Could you please output only the lines from the one holding "(SC) 3 Assorted Pocket Knives As Pictured" through the end of the listing below, exactly as written and without pictures?

*Given material*.
# # # # # # #
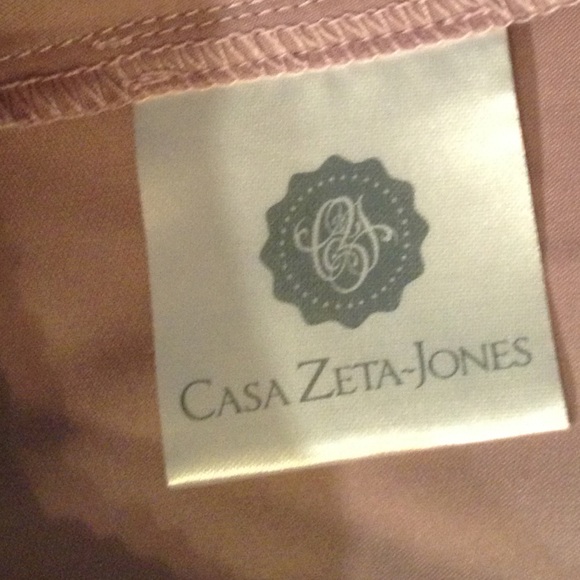 Casa Zeta-Jones Faux Silk Pajama Set| size S - Picture 7 of 8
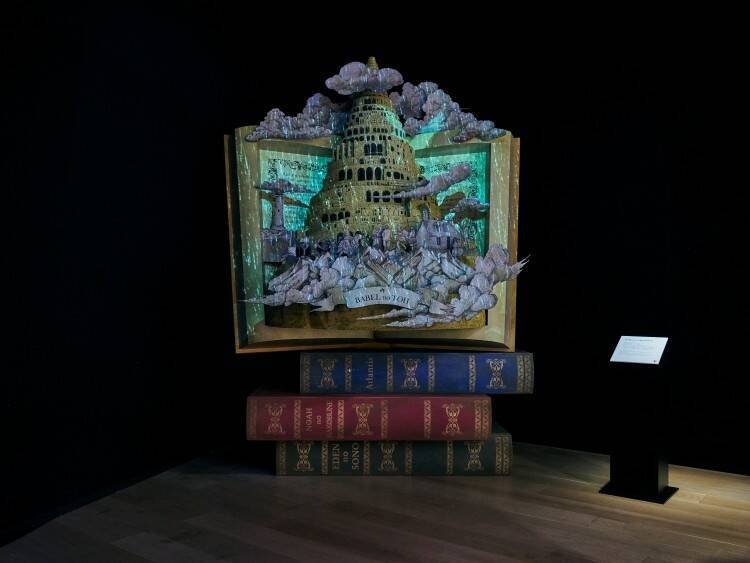 Mrs. GREEN APPLEの10年を辿る“創造の旅”。 大森元貴の内なる世界へ誘う展覧会『Wonder Museum』が開幕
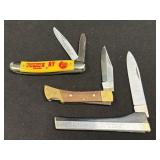 (SC) 3 Assorted Pocket Knives As Pictured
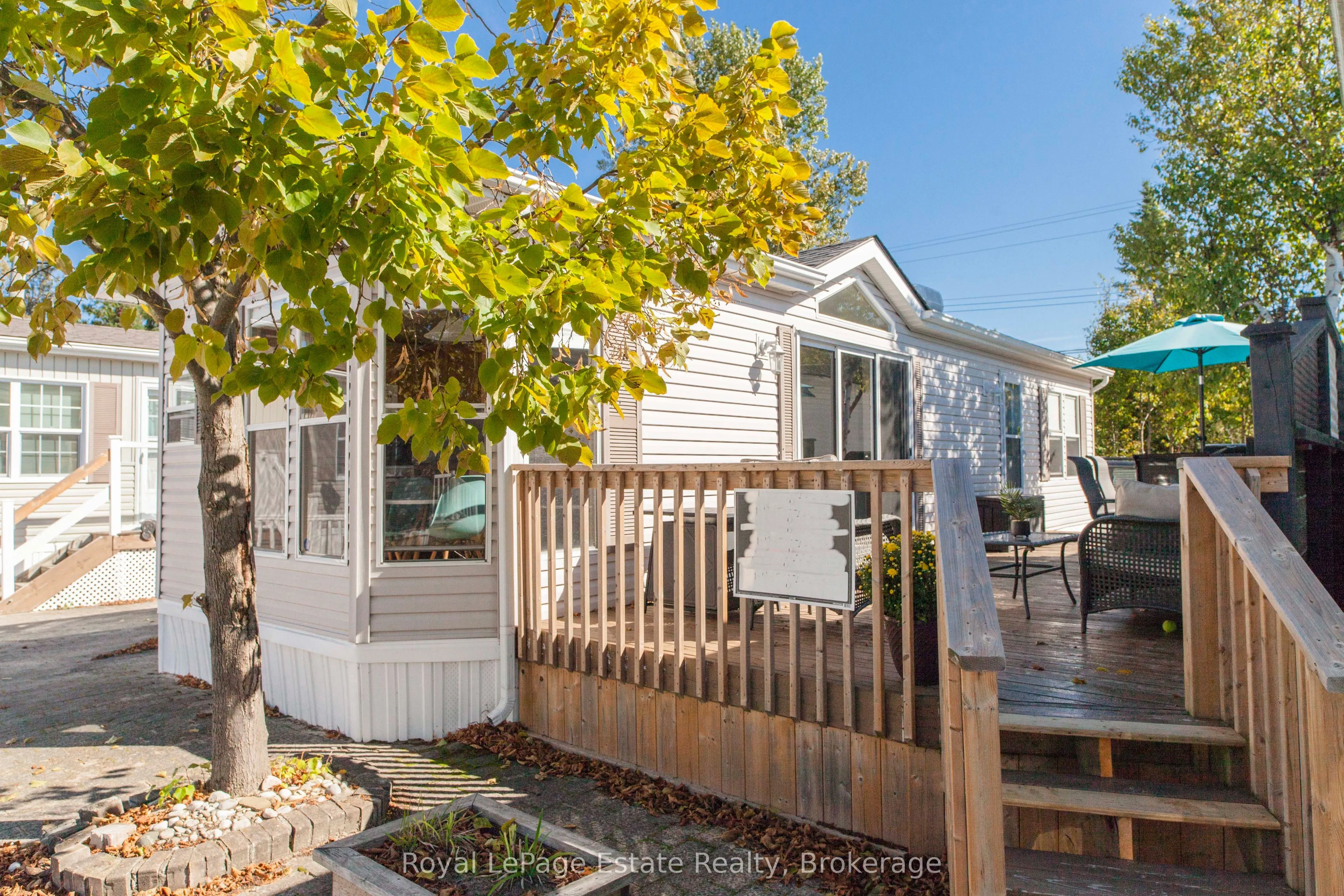 25 7th Avenue S, #22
# # # # # # #
*Answer to this task*.
 (SC) 3 Assorted Pocket Knives As Pictured
 25 7th Avenue S, #22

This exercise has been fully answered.